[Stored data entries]
::::

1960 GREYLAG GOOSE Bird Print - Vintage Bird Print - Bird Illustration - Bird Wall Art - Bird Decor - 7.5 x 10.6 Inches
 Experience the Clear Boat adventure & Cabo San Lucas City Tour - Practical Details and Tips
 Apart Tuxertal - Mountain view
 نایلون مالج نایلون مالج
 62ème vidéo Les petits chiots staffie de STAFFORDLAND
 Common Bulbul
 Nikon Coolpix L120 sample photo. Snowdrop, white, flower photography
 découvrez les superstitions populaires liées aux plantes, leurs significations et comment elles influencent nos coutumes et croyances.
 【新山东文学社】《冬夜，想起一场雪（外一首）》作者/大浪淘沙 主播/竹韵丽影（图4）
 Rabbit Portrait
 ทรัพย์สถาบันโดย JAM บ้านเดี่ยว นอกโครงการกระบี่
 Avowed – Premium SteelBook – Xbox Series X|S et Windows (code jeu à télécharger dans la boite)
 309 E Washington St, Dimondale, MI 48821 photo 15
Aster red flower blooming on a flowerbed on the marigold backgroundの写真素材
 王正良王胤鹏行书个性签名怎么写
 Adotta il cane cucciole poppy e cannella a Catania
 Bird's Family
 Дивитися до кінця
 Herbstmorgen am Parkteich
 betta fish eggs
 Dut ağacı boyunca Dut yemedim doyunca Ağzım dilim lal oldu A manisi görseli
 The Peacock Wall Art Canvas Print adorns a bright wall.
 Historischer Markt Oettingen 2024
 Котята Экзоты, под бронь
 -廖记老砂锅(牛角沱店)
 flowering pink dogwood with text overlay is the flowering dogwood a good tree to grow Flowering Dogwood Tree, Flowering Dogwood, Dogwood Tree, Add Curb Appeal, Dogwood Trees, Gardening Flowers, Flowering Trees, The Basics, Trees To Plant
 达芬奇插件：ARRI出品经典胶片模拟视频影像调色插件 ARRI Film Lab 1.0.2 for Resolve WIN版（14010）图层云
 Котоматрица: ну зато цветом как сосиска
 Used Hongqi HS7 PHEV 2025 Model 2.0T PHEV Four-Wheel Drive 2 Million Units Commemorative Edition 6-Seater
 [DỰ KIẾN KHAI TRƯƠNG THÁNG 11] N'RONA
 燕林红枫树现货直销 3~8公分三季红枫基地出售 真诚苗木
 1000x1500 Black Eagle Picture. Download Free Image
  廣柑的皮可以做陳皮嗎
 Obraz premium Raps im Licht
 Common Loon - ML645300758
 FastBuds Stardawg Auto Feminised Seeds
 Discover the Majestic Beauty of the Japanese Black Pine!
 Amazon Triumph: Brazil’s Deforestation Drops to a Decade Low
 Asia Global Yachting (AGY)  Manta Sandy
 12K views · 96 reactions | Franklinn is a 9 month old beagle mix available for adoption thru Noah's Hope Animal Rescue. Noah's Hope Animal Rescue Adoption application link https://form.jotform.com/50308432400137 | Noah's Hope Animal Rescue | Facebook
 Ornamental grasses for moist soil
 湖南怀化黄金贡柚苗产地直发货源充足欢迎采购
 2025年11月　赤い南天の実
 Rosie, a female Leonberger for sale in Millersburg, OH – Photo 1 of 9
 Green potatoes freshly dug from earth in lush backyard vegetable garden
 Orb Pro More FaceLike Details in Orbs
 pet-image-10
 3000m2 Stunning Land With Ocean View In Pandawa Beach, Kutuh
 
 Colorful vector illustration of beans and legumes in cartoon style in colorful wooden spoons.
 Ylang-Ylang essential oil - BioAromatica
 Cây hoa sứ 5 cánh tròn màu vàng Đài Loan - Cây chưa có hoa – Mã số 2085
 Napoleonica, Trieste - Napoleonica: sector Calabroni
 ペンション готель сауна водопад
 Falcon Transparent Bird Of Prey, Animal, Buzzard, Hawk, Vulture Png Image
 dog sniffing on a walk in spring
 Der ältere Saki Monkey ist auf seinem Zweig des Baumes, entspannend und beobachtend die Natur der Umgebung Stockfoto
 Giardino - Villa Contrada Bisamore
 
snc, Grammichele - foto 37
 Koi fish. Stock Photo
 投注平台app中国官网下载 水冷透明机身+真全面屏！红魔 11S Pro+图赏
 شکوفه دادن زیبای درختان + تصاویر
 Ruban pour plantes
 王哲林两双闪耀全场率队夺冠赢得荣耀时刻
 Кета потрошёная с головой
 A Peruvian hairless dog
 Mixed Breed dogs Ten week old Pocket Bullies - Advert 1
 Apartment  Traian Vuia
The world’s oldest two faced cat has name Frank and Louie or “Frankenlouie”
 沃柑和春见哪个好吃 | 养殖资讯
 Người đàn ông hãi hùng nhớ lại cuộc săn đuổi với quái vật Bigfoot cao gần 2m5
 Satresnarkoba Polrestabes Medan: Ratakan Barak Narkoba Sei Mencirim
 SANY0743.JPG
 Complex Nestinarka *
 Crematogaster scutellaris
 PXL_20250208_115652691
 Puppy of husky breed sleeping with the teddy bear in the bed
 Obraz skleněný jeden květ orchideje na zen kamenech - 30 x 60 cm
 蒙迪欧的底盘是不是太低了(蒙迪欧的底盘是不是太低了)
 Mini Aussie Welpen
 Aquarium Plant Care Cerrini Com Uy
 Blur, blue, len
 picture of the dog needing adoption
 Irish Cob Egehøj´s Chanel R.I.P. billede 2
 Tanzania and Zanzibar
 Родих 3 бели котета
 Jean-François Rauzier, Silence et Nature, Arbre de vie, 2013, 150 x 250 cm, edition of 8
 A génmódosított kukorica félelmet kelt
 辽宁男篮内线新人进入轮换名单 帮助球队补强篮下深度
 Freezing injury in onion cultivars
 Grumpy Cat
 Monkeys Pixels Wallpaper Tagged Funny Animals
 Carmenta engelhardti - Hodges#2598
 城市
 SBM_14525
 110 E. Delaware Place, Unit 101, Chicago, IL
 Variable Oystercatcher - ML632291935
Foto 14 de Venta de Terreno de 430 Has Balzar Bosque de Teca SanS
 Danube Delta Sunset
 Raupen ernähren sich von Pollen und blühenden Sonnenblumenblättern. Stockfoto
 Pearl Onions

::::

__Task prompt__. Only the final stretch of the entries above is needed: print exactly the lines from the line containing "Irish Cob Egehøj´s Chanel R.I.P. billede 2" through the last one.

__Solution to the problem__.
 Irish Cob Egehøj´s Chanel R.I.P. billede 2
 Tanzania and Zanzibar
 Родих 3 бели котета
 Jean-François Rauzier, Silence et Nature, Arbre de vie, 2013, 150 x 250 cm, edition of 8
 A génmódosított kukorica félelmet kelt
 辽宁男篮内线新人进入轮换名单 帮助球队补强篮下深度
 Freezing injury in onion cultivars
 Grumpy Cat
 Monkeys Pixels Wallpaper Tagged Funny Animals
 Carmenta engelhardti - Hodges#2598
 城市
 SBM_14525
 110 E. Delaware Place, Unit 101, Chicago, IL
 Variable Oystercatcher - ML632291935
Foto 14 de Venta de Terreno de 430 Has Balzar Bosque de Teca SanS
 Danube Delta Sunset
 Raupen ernähren sich von Pollen und blühenden Sonnenblumenblättern. Stockfoto
 Pearl Onions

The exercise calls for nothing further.